— What to do —
Below are entries. Copy exactly the lines running from the line that holds "Электрический полотенцесушитель Deffi" to the line that holds "1976 Distressed American", with both ends included.

— Task input —
———

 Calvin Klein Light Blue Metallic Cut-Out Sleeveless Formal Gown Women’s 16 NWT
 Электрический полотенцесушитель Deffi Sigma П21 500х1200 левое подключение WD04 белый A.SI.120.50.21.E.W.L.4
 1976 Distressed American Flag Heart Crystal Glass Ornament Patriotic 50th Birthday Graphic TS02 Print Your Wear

———

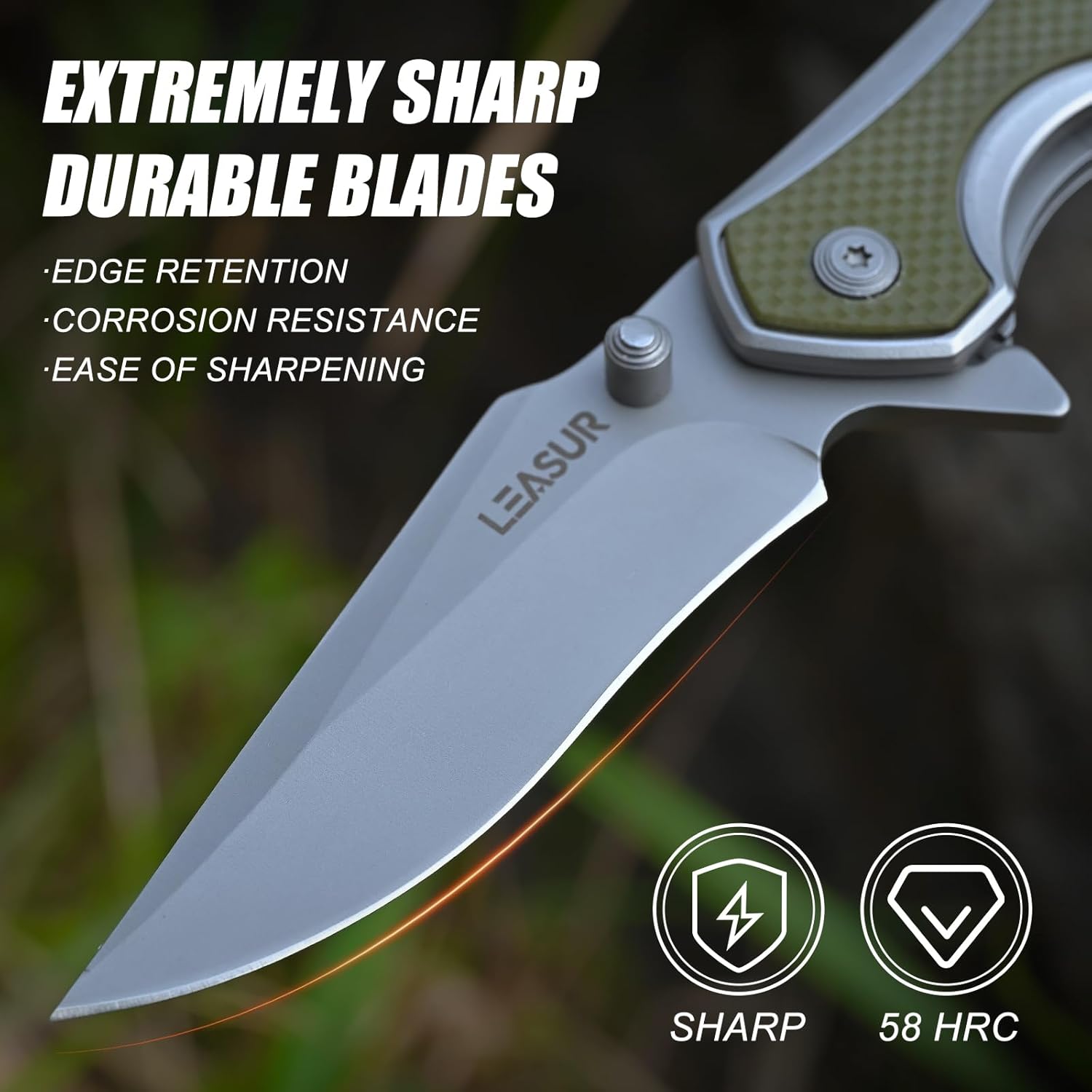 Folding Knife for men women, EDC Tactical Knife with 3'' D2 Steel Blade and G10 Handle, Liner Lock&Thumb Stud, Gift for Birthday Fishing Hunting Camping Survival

———

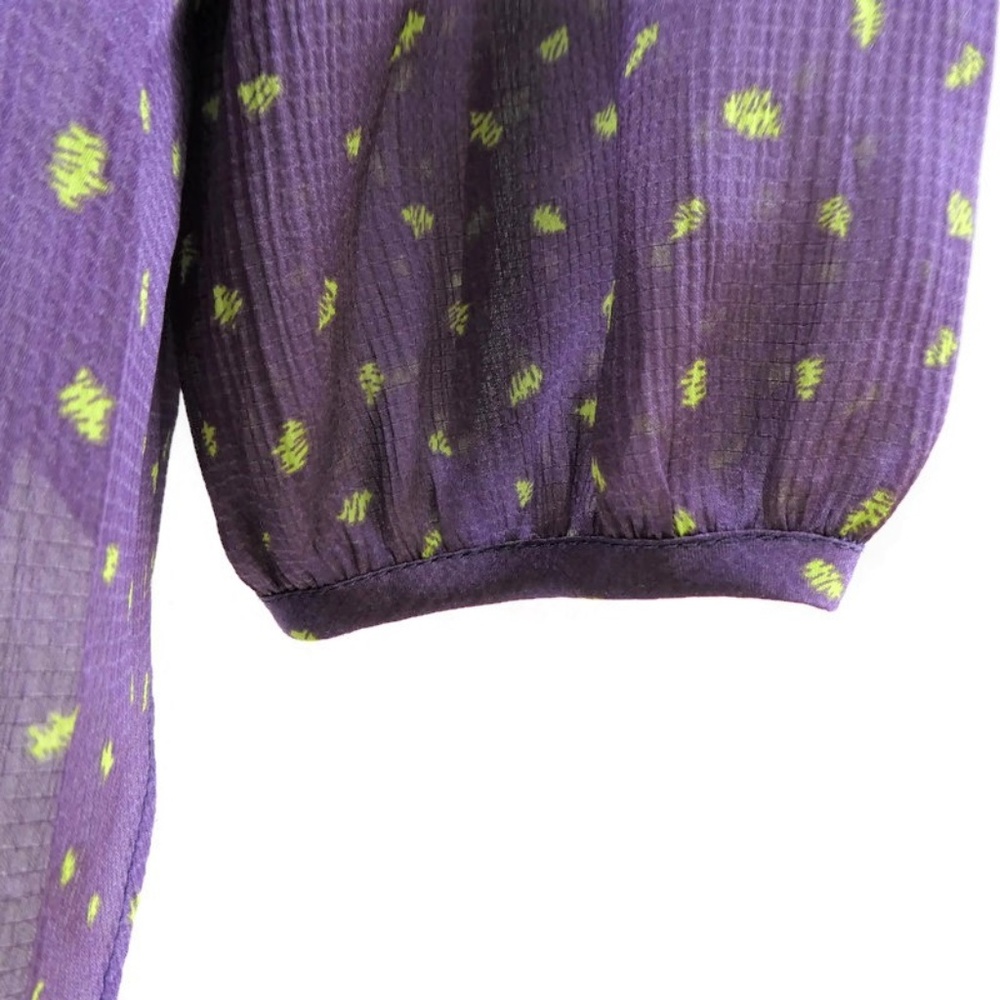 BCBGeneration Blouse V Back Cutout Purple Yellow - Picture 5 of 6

———

— Written answer —
 Электрический полотенцесушитель Deffi Sigma П21 500х1200 левое подключение WD04 белый A.SI.120.50.21.E.W.L.4
 1976 Distressed American Flag Heart Crystal Glass Ornament Patriotic 50th Birthday Graphic TS02 Print Your Wear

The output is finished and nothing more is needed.